A 100% natural solution to halting the catastrophic decline in Britain’s wildflower meadows that has seen more than 90% lost in the past 65 years is launched at London’s Landscape Show (September 23 & 24).


Q Lawns from Norfolk is one of the country’s top lawn-turf growers.  They have adapted their grassland knowledge to create two wildflower meadow turfs that are studded with up to 42 native British wild flowers.


Traditional Meadow Mat has 34 different wildflower species and Birds, Bees and Butterflies Meadow Mat has 42, including grasses and seed bearing flowers for the autumn feeding of birds.  Both can be used anywhere, from private gardens to estates and parkland and they comply with nationally recognised environmental impact assessments.


To reinforce the message at The Landscape Show, Q Lawns has worked with butterfly breeder Angelina Hayden. She has created a special dome so that visitors can see 40 native British butterflies.  These have been specially selected by her to survive in the wild as they will all be released on the last day of the exhibition.
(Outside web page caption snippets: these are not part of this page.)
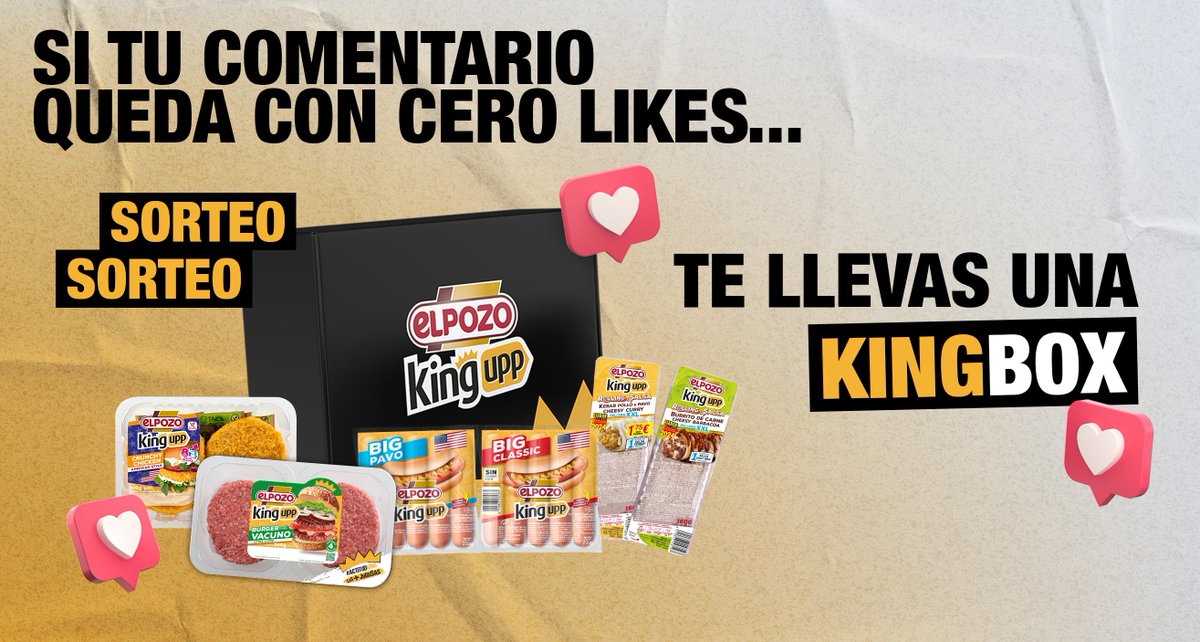 ElPozo King Upp tweet media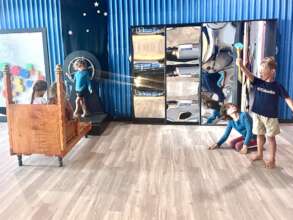 Simple Machines, Navigtion, Illusions flooring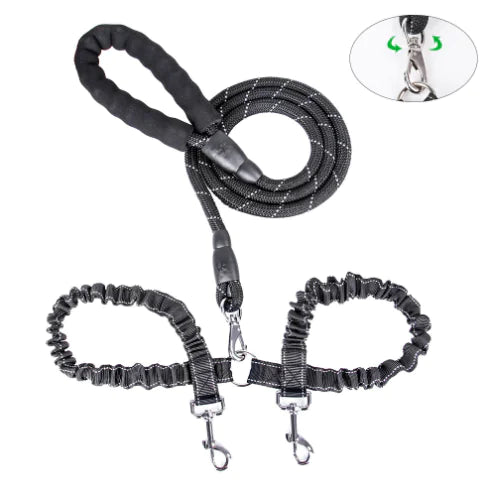 Double Headed Bungee Leash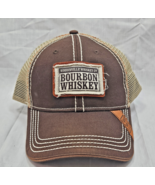 Woodinville Whiskey Co Bourgon Whiskey Hat Cap Mesh Back Trucker - $12.24 CAD
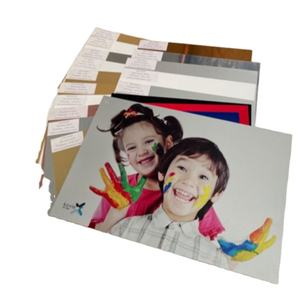 Feuille d'aluminium de sublimation haute définition pour affichage d'affiche transfert de chaleur image Photo impression métal enduit imprime fournisseur - Product Image 3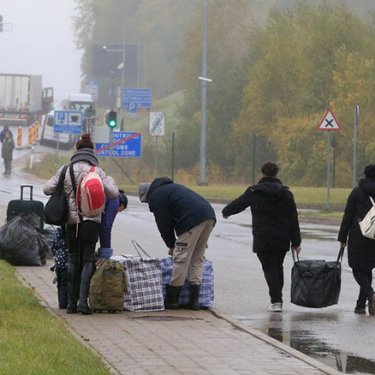 В Естонії не знають точної кількості українських біженців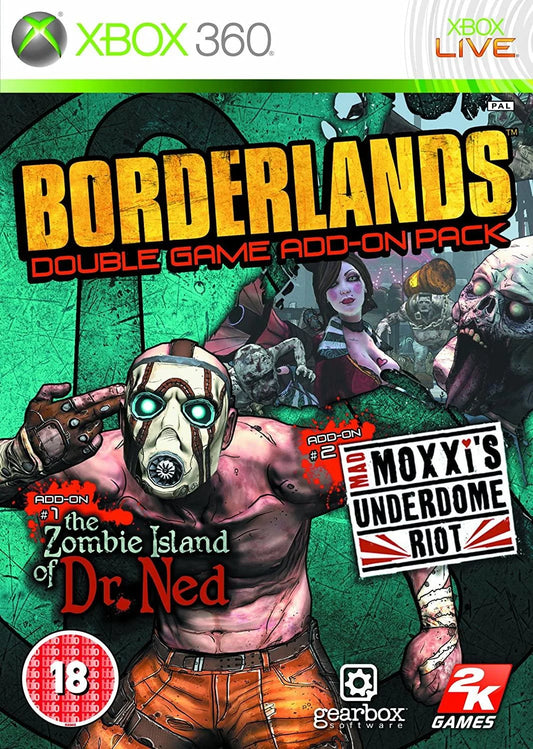 Xbox 360: Borderlands: Double Game Add-On Pack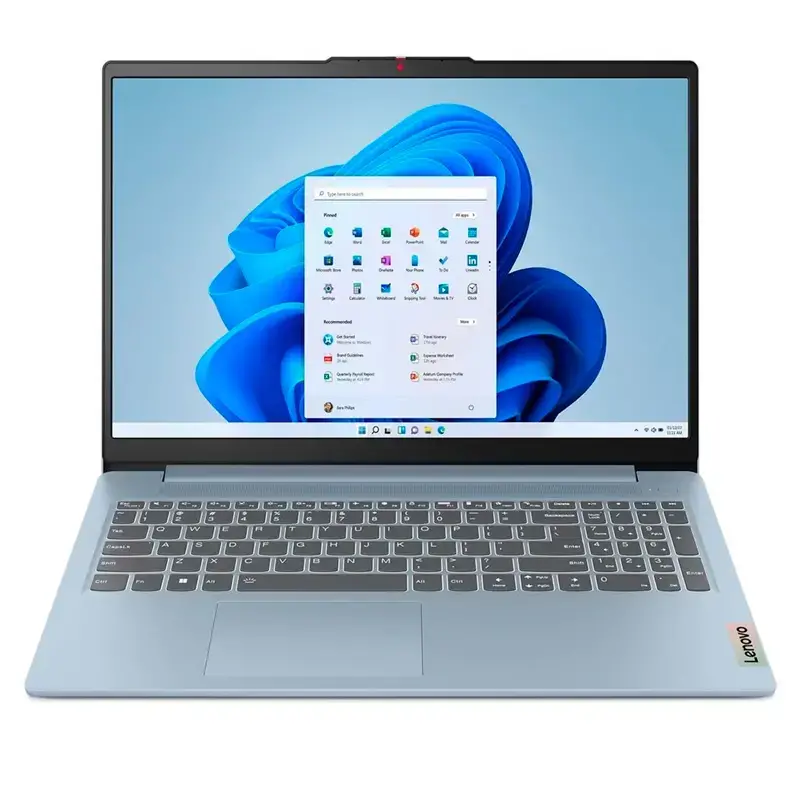  LENOVO IdeaPad Slim 3 15IAN8 Notebook 15.6" FHD TN Core i3-N305 1.8/3.8GHz 8GB LPDDR5-4800 512GB SSD 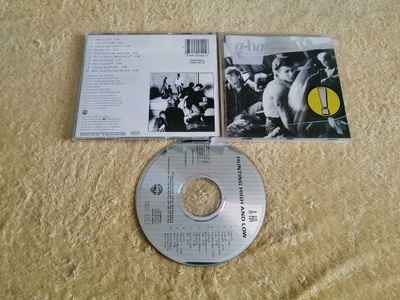 A-HA - Hunting High And Low CD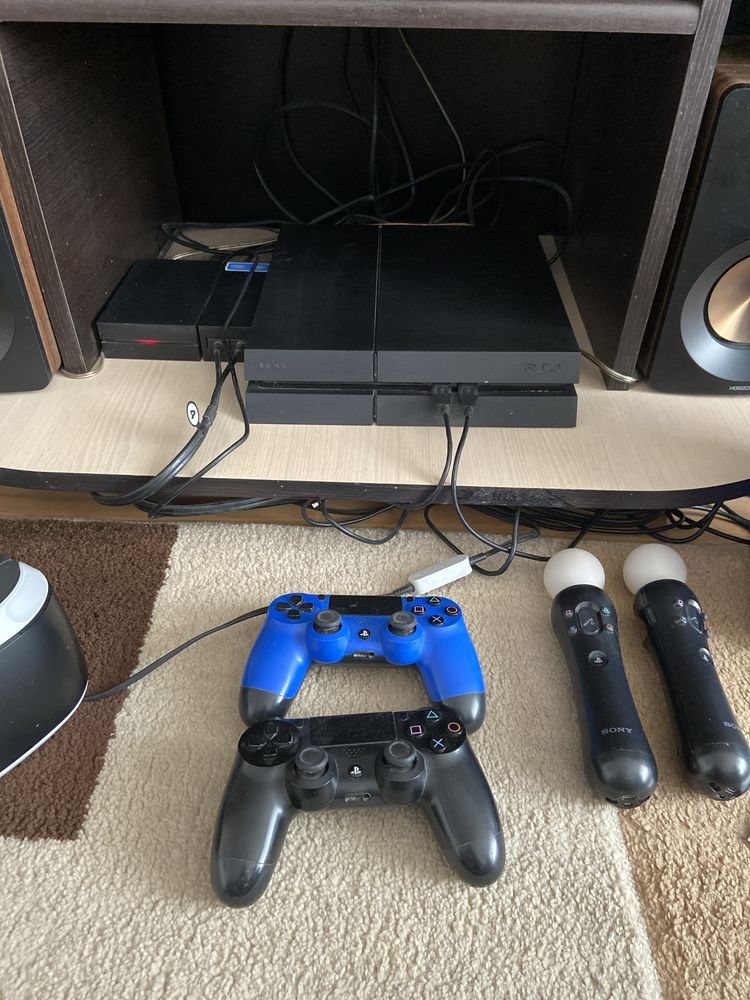 Playstation 4 +VR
“The loss of more than 90% of our natural wildflower meadows is an environmental catastrophe,” says Q Lawns’ Angela Lambert.   “Meadow Mat means that anyone, including schools, can create an area that will benefit wild birds and insects including bees, butterflies and ladybirds.  It is a vibrant and natural contribution in the fight to save our natural environment.”


The traditional Meadow Mat flowers from May to July and the Birds, Bees and Butterflies variety continues on to the end of September.   The meadow flowers will bloom in the first summer of planting and the ideal time to lay the turf is either autumn or spring.
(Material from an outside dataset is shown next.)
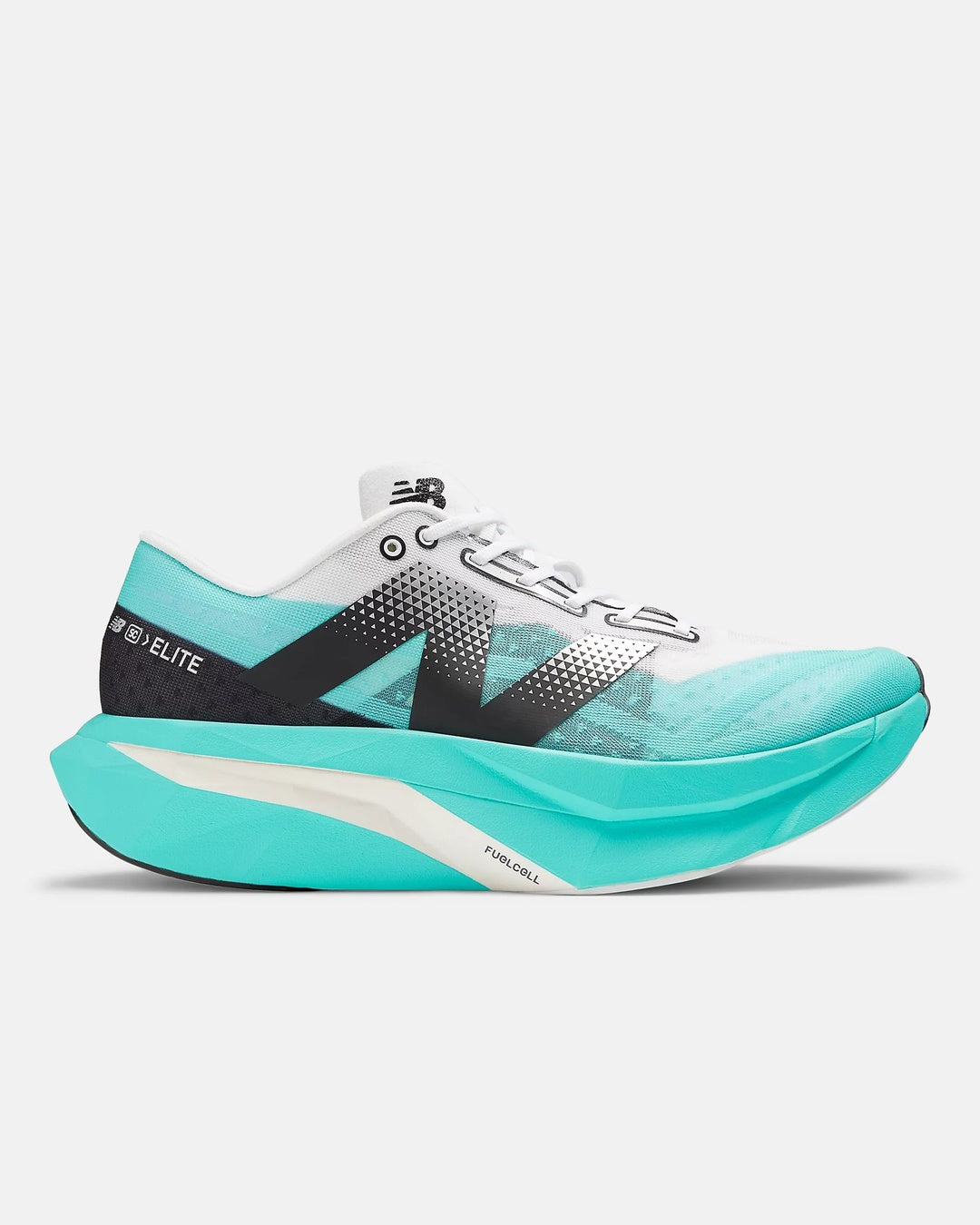 Fuel Cell Super Comp Elite v4 Cyber Jade Sneakers New balance оригінал – Купити в Україні – боковий вид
“Wildflowers don’t need rich soil.  Any south or west facing area of grassland or garden that has not been enriched with fertilisers for at least five years will be ideal,” explains Angela.  “The object is not to encourage the meadow grasses to grow too strongly and swamp the flowers.   In most locations it will need mowing just once a year, once the flowers have seeded.  Do not leave the grass clippings on the turf as this will produce a nutrient feed that will encourage the grasses to grow.”


Q Lawns worked with the garden designer and horticulturalist Lisa Stubbs to select the native British wild flowers used in both versions.  All the turf and flowers are grown at the company’s farm in Norfolk.